Geographic · April 26, 2017, 3:20am

@mobiledeveloper (i’ve seen your avisynth script)
Keep in mind that this does currently not work with motion vectors.
And the flickering currently is mainly I believe a de-noise artefact. (do the new AO hacks and texture cull, cause less flicker ?)

I think, the knowledge of movement is allready known inside blender (ea the motion blur option)
So in theory i think there is a speedup possible as there is no need to analyze and calculate again a vectorized result afterwards.

Also as Razorblade described it, I think there might not even be a need to have a 9:9:9 matrix of squares to look for similarities.
As movement of objects is known per object, current square displacement would lead to exact position of previous frame(s).
So in time 1:1:1 square search would in most case solve it. (just think of it that it adds 2 render passes for free !).

>> 1:1:1 a single square compared against a single square over 3 frames

Though despite the speedup, i think one shouldnt render below a certain detail treshold with this.
When i look at the tree rail example, then there is loss on detail although it looks nice.

Mobiledeveloper · April 26, 2017, 8:09am

oo :). Vapour S. I see that you also wanted the filter to be in the blender.

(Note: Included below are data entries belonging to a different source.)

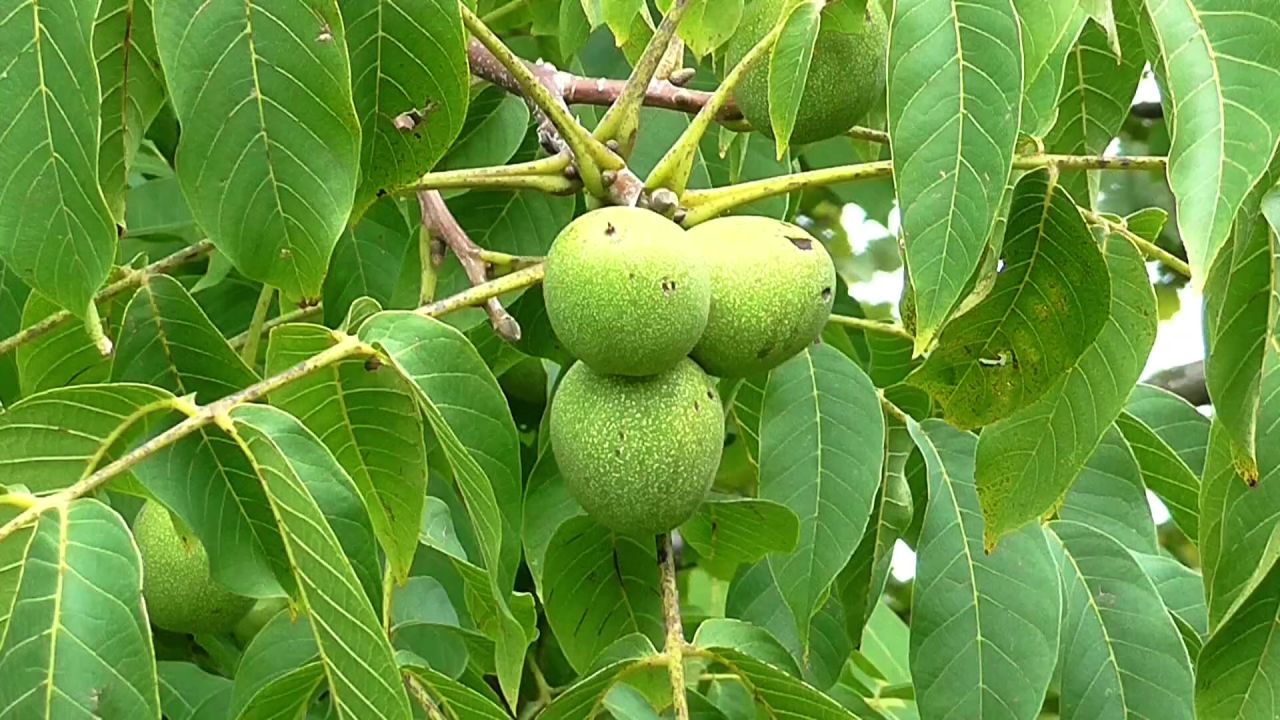 核桃水果树饮食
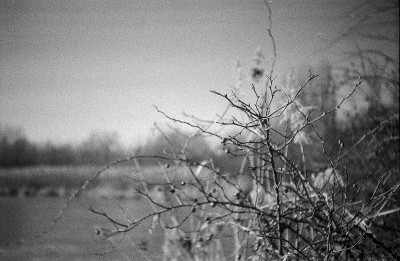 Image13.jpg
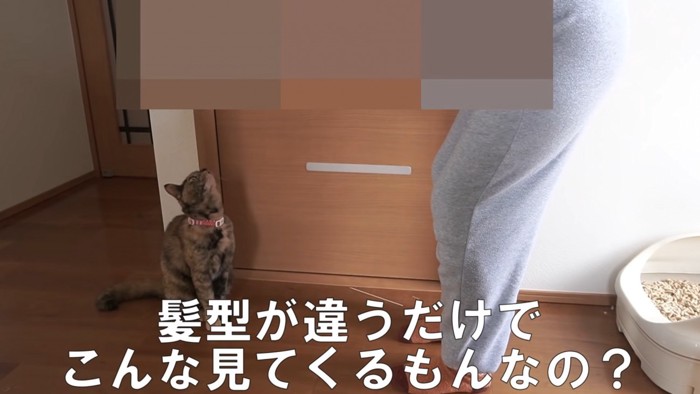 飼い主さんも驚き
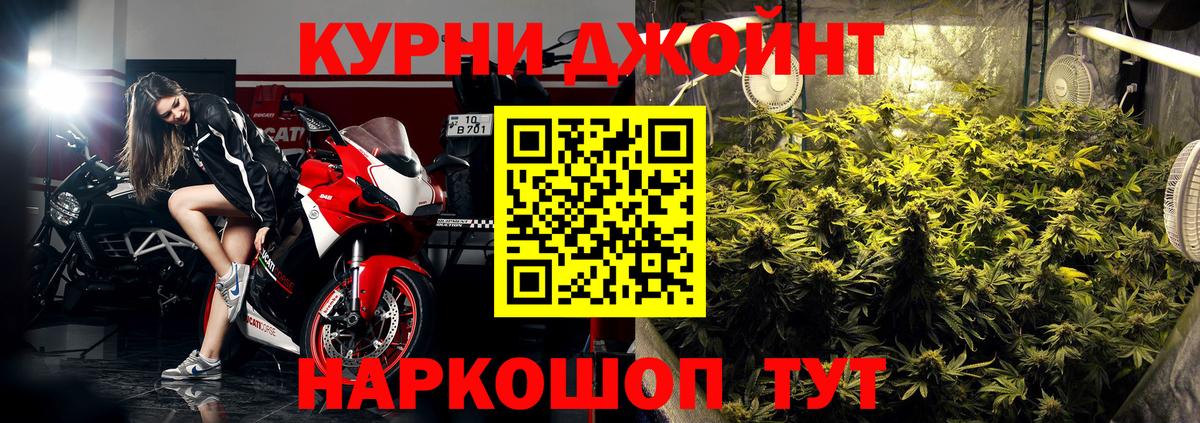 Бошки марихуана Amnesia Заречный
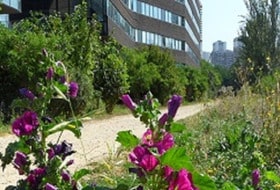 Visite guidée : Ceinture Verte au sud de Paris 13e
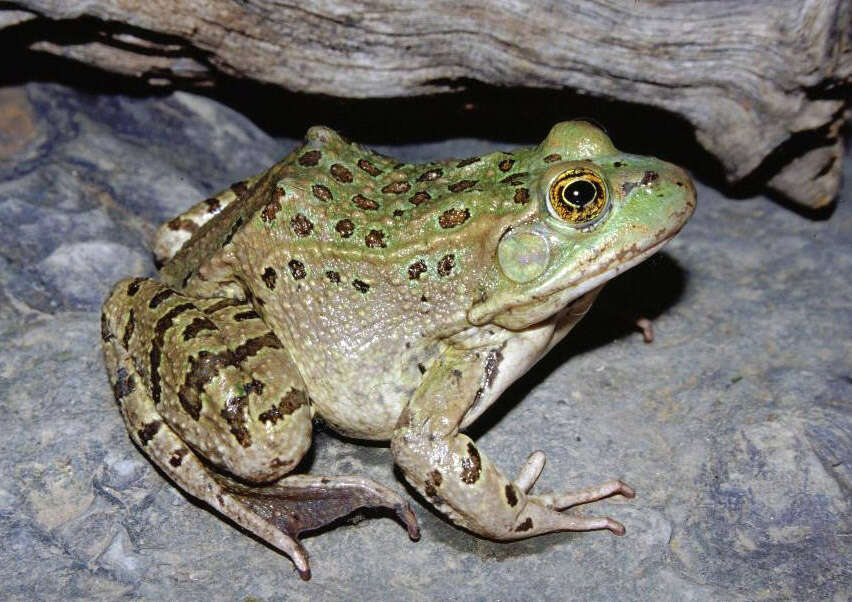 Image of Chiricahua Leopard Frog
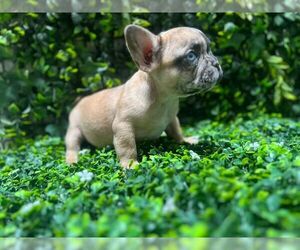 French Bulldog Puppy for Sale in JOHNSTON, Rhode Island USA
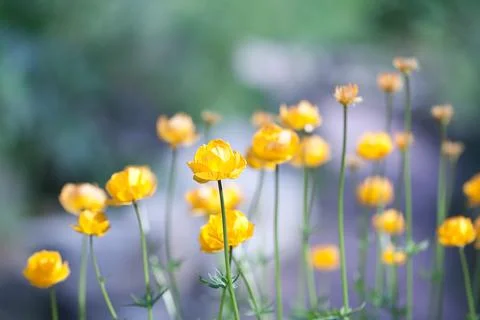 Globe flowers Stock Photos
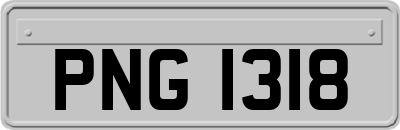 PNG1318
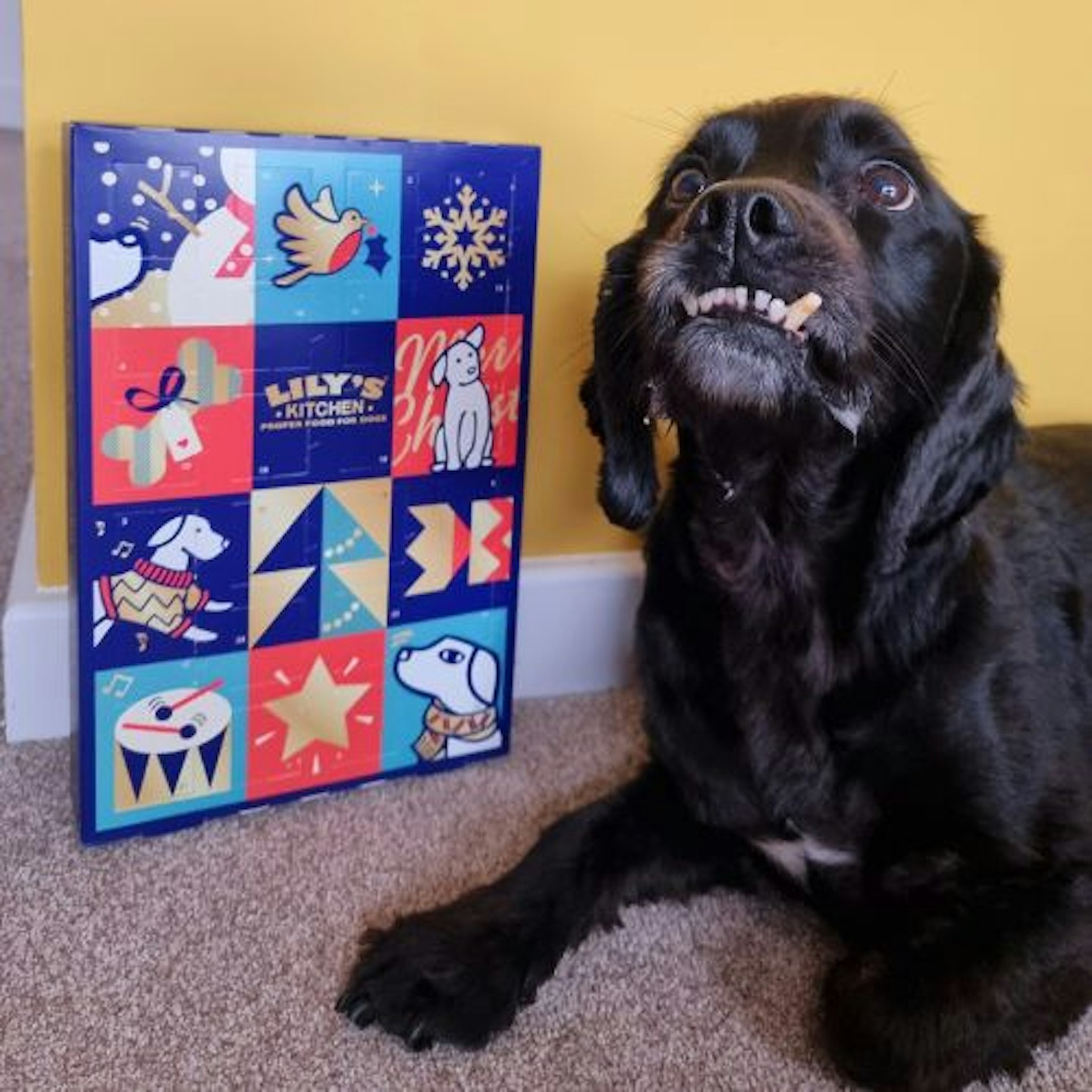 Tried & Tested by Natalie Corner & Dash: Lily's Kitchen Advent Calendar for Dogs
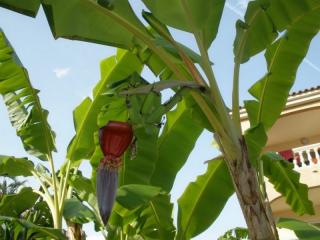 Banan z Yunnan (Musa yunnanensis) 3 nasiona 1 opakowanie po 3 nasiona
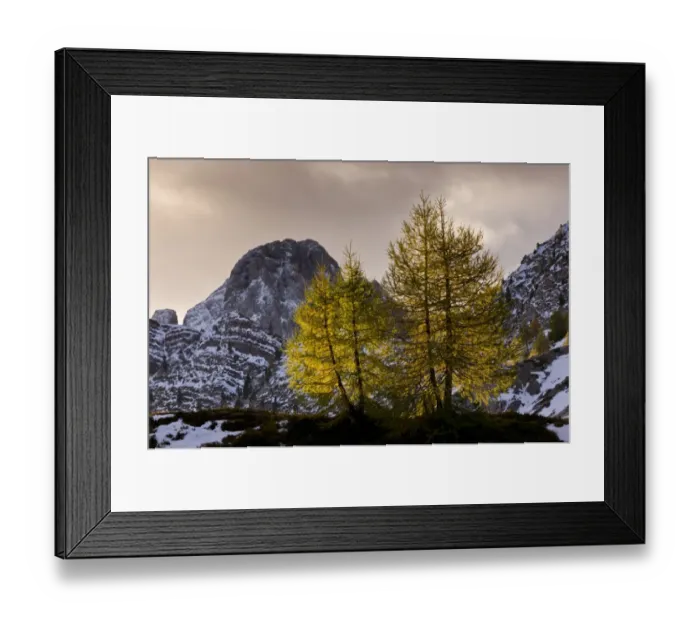 Framed Print : European Larch (Larix decidua) habit, with needles in autumn colour, backlit at dawn, Passo di Valles, Dolomites Framed Print : European Larch (Larix decidua) habit, with needles in autumn colour, backlit at dawn, Passo di Valles, Dolomites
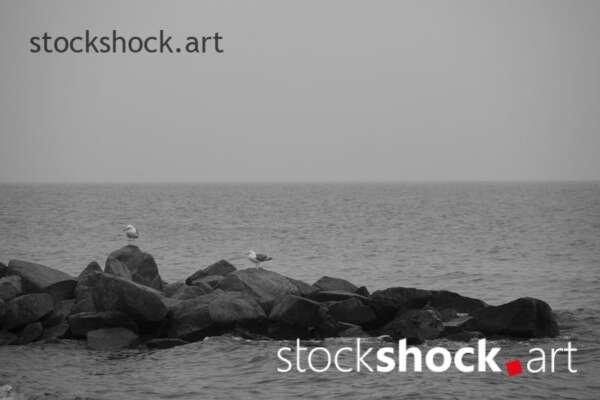 Landscape in the fog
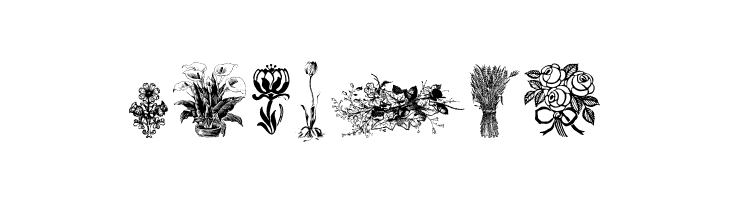 Vegetable Breathe Free Two  Free Fonts Download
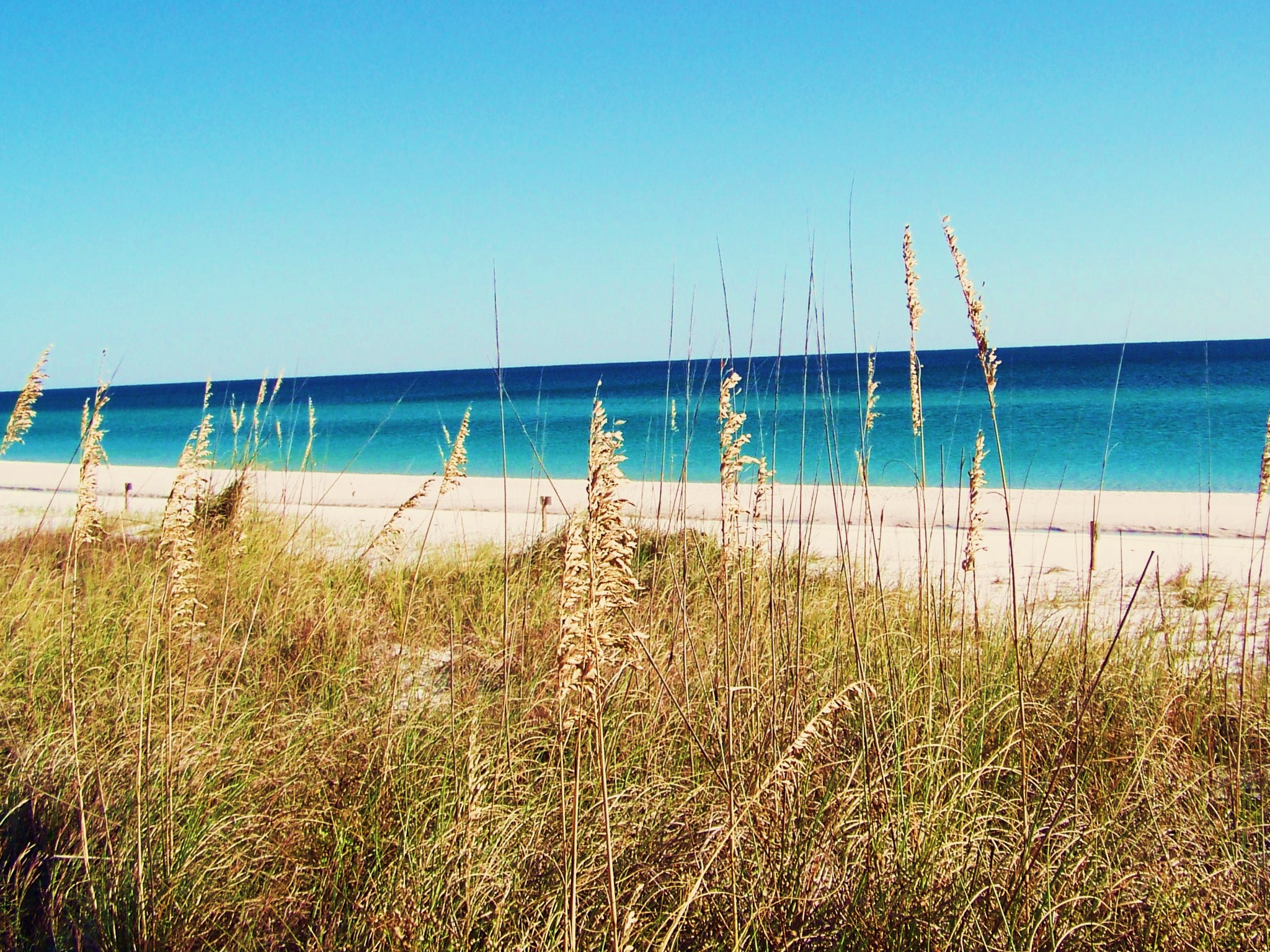 Henderson Beach State Park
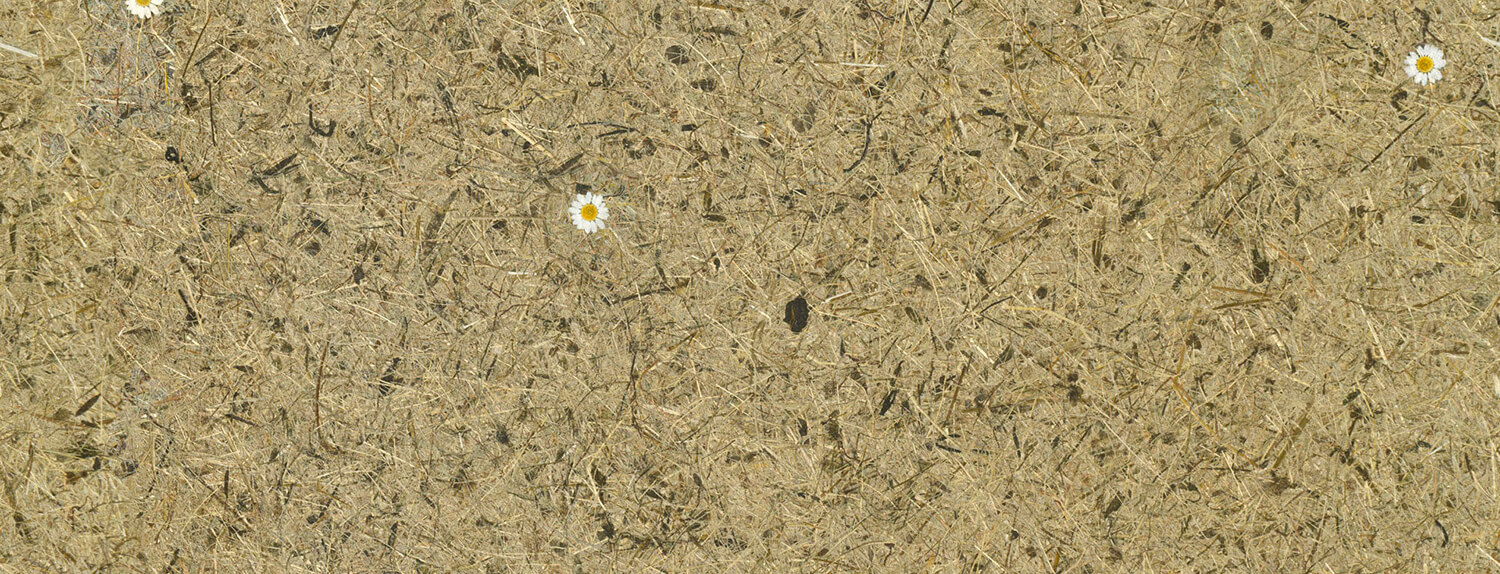 Wandverkleidung WallFace natürliches Almwiesen-Dekor AL-11004 ALPINE White Daisy selbstklebend braun beige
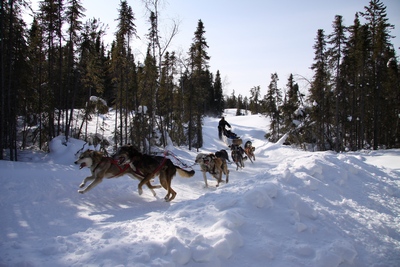 Dog sledding in Yellowknife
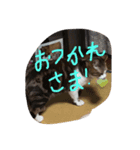 みーこちゃん（個別スタンプ：7）
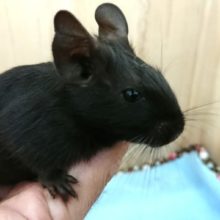 つやっつやの毛艶です！レアカラー「ブラック」！　デグーです☆☆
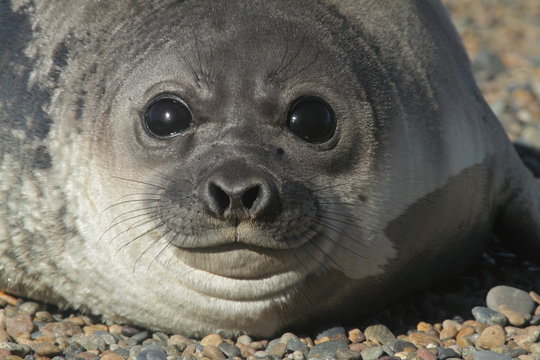 Jeune otarie sur la plage de Punta Ninfas en Patagonie argentine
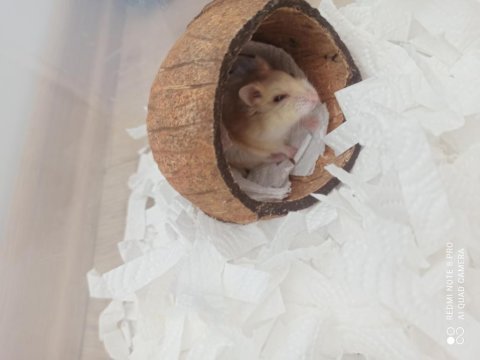 Gonzales hamster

I was inspired by original vapor synth thread.

I was trying it but without success. I gave up. for me, Avisynth was easier to setup :).

anyway I hope this node will be faster :/.

Geographic:

@mobiledeveloper (i’ve seen your avisynth script)
Keep in mind that this does currently not work with motion vectors.
And the flickering currently is mainly I believe a de-noise artefact. (do the new AO hacks and texture cull, cause less flicker ?)

I think, the knowledge of movement is allready known inside blender (ea the motion blur option)
So in theory i think there is a speedup possible as there is no need to analyze and calculate again a vectorized result afterwards.

Also as Razorblade described it, I think there might not even be a need to have a 9:9:9 matrix of squares to look for similarities.
As movement of objects is known per object, current square displacement would lead to exact position of previous frame(s).
So in time 1:1:1 square search would in most case solve it. (just think of it that it adds 2 render passes for free !).

>> 1:1:1 a single square compared against a single square over 3 frames

Though despite the speedup, i think one shouldnt render below a certain detail treshold with this.
When i look at the tree rail example, then there is loss on detail although it looks nice.

Yes, this node isn’t motion vector based but denoising result are great.

As you said, the motion vector should be possible to implement in blender and should give much better quality than generating movement vector based on 2D image. I don’t know I hope :).

anyway, maybe if the denoising result in this denoising node will be more consistent by using this node then the flickering of animation could be less noticable.

YAFU · April 26, 2017, 8:25am

There is a big advantage with VapourSynth against AviSynth, VapourSynth is cross platform (Regarding Blender integration).
I have noticed that you like to experience a lot with this . If you want you can install Ubuntu based Linux distro, and try this:

It is really easy try it on Linux.

lsscpp · April 26, 2017, 8:39am

and it also speaks Python

Ace_Dragon · April 26, 2017, 2:14pm

I don’t know if getting this supported by the GPU is the only route to take here.

Chances are, there could be a lot of areas where the code as-is could be optimized and made a bit faster that way, as the code within the patch is complex and lengthy.